毎日会っているにも関わらず、なぜか久しぶりに声を聞いたような気分だった。ドクンドクンと心臓が波打って、少し緊張している自分がいる。
『ドリンクありがとな。メッセージ見なくても、お前からってすぐ分かった』
「いえいえ。むしろそれくらいしかしてあげられなくてごめん。ていうか、わざわざそれを言うために電話してくれたの?」
『いや、それを口実にお前の声が聞きたかっただけ。伊織に癒してもらおうと思って』
電話越しでもわかる。いま悪戯っぽく笑ってんだろうなって。
甘い桜佑にはだいぶ慣れてきたはずなのに、今日はいつにも増して胸がきゅうっと苦しくなる。
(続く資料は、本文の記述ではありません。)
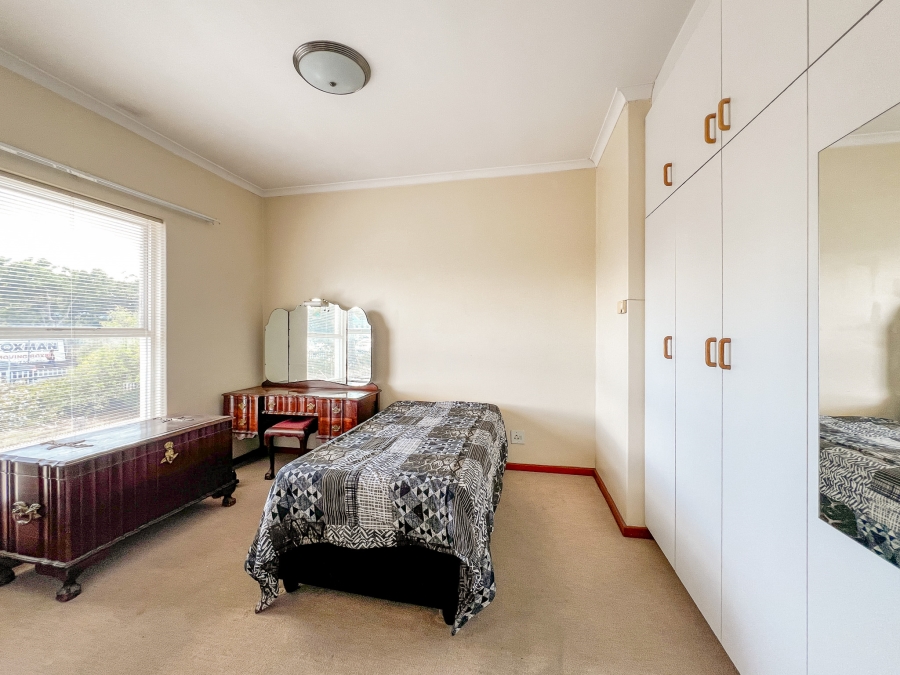 3 Bedroom Property for Sale in Bergvliet Western Cape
気持ちが沈んでいたはずなのに、不思議と心が軽くなっていく。
ていうか、桜佑ってこんなにいい声してたっけ。
「もう家に帰ったの?」
『うん、いま帰ってきたとこ』
「ご飯は?もう食べた?」
『いや、これから。何食うかなー。昨日お前がくれたゼリーでもいいな』
「もっとしっかり食べなよ。倒れるよ」
なぜか母親のように必死に話しかけている自分に、違和感を覚えてしまう。
もしかして私、電話が終わらないようにわざと話題を振ってる?
『だったら、伊織が飯作りに来てくれる?』
「えっ…」
唐突な誘いに、思わず言葉を詰まらせる。数々の失敗作を食べさせてきた私に、再び料理をさせようとするのだから、この男はもはや勇者だ。
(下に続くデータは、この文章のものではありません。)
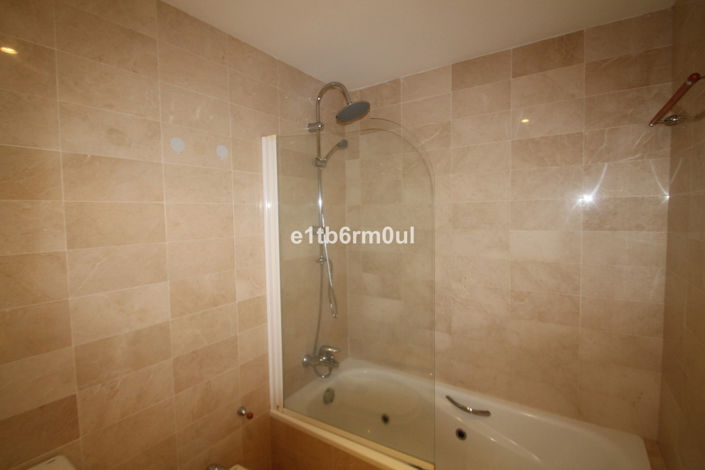 Image No.24-2 Bed Apartment for sale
いやでも、彼にとっては味なんて関係なくて、ただ誰かと食卓を囲みたいのかもしれない。きっと疲れも溜まっているから、そういう癒しを求めているのかもしれない。
だとしたら、私は…。
「わかっ…」
『おい黙んなよ。嘘に決まってんだろ、本気にすんな』
「…ですよね」
“分かった”と言いかけたけれど、それを遮るように桜佑が口を開いたから、出かかった言葉は途中で飲み込んだ。
普通に考えて、こんな時間から外出するなんて面倒な話だ。行かなくて済むのだから、ここは喜ぶところ。それなのに、なぜかショックを受けている自分に困惑する。
会えないのが寂しいなんて、どうかしている。
『こんな時間にお前を呼ばねえよ。会うとしたら、俺が行く』
優しい言葉を掛けられ、また胸がきゅっとした。にやけそうになるのを、なんとか耐えた。
今日の私、情緒が不安定過ぎるぞ。